I am trying to use the ThreadPoolExecutor()
in a method of a class to create a pool of threads that will execute another method within the same class. I have the with concurrent.futures.ThreadPoolExecutor()...
however it does not wait, and an error is thrown saying there was no key in the dictionary I query after the "with..." statement. I understand why the error is thrown because the dictionary has not been updated yet because the threads in the pool did not finish executing.

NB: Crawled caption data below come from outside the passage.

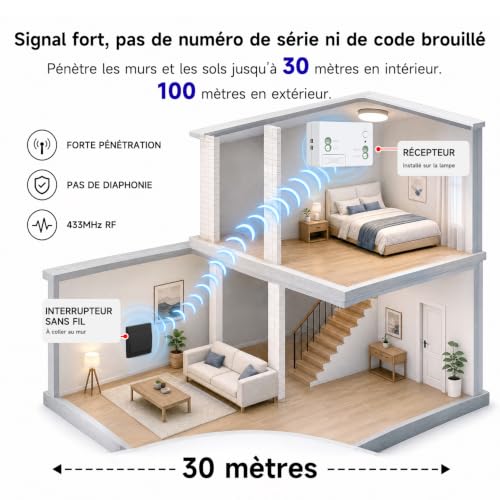 Aovrlcx Noir kit interrupteur sans fil sans piles poussoir autoalimente va et vient sans fil sans pile radio interrupteur a distance telerupteur RF433MHz (Black 1Gang 3V1) – vue 7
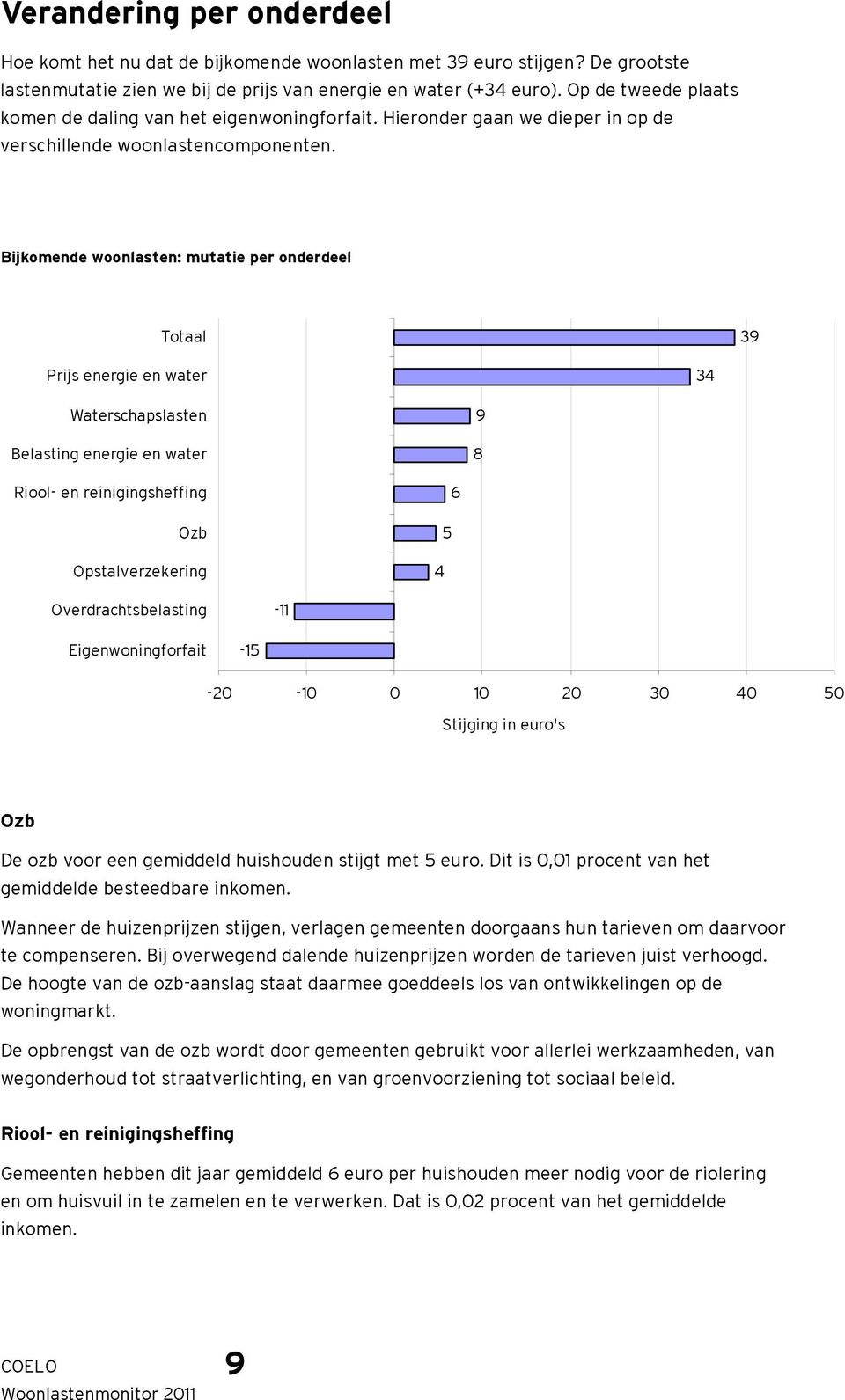 Bijkomende woonlasten: mutatie per onderdeel Totaal 39 Prijs energie en water 34 Waterschapslasten Belasting energie en water 9 8 Riool- en reinigingsheffing Ozb Opstalverzekering 4 5 6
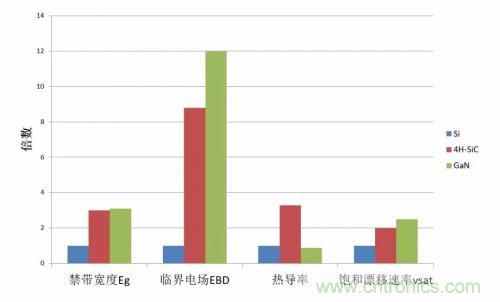 一文秒懂功率器件，從小白變大神的進(jìn)階之路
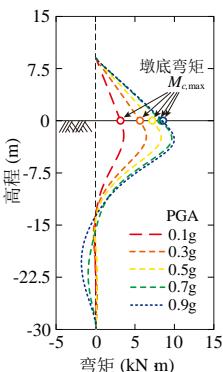 (a)典型桩柱式单墩桥梁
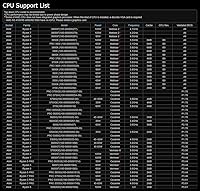 ASRock B550M-HDV Micro-ATX Motherboard — image 5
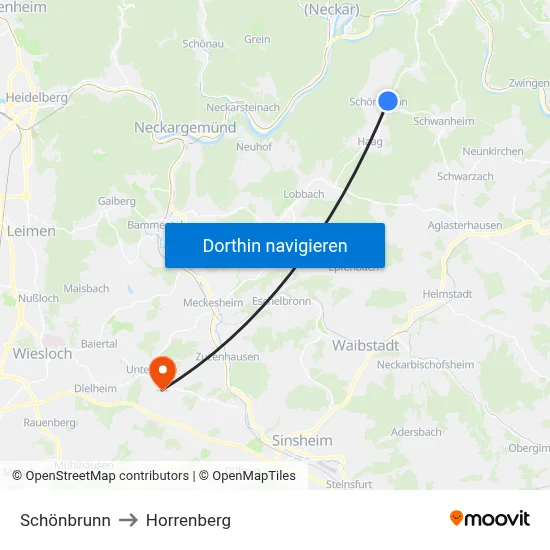 Schönbrunn to Horrenberg map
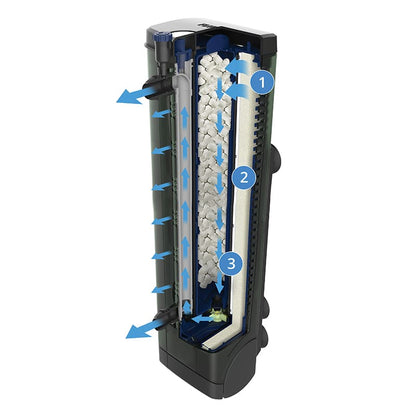 Fluval U4 Underwater Filter 240L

I know the threads did not finish executing because I have a print("done") in the method that is called within the ThreadPoolExecutor, and "done" is not printed to the console.
I am new to threads, so if any suggestions on how to do this better are appreciated!
def tokenizer(self):
all_tokens = []
self.token_q = Queue()
with concurrent.futures.ThreadPoolExecutor(max_workers=5) as executor:
for num in range(5):
executor.submit(self.get_tokens, num)
executor.shutdown(wait=True)
print("Hi")
results = {}
while not self.token_q.empty():
temp_result = self.token_q.get()
results[temp_result[1]] = temp_result[0]
print(temp_result[1])
for index in range(len(self.zettels)):
for zettel in results[index]:
all_tokens.append(zettel)
return all_tokens
def get_tokens(self, thread_index):
print("!!!!!!!")
switch = {
0: self.zettels[:(len(self.zettels)/5)],
1: self.zettels[(len(self.zettels)/5): (len(self.zettels)/5)*2],
2: self.zettels[(len(self.zettels)/5)*2: (len(self.zettels)/5)*3],
3: self.zettels[(len(self.zettels)/5)*3: (len(self.zettels)/5)*4],
4: self.zettels[(len(self.zettels)/5)*4: (len(self.zettels)/5)*5],
}
new_tokens = []
for zettel in switch.get(thread_index):
tokens = re.split('\W+', str(zettel))
tokens = list(filter(None, tokens))
new_tokens.append(tokens)
print("done")
self.token_q.put([new_tokens, thread_index])
'''
Expected to see all print("!!!!!!")
and print("done")
statements before the print ("Hi")
statement.
Actually shows the !!!!!!!
then the Hi
, then the KeyError
for the results dictionary.
You need to loop over concurrent.futures.as_completed() as shown here. It will yield values as each thread completes.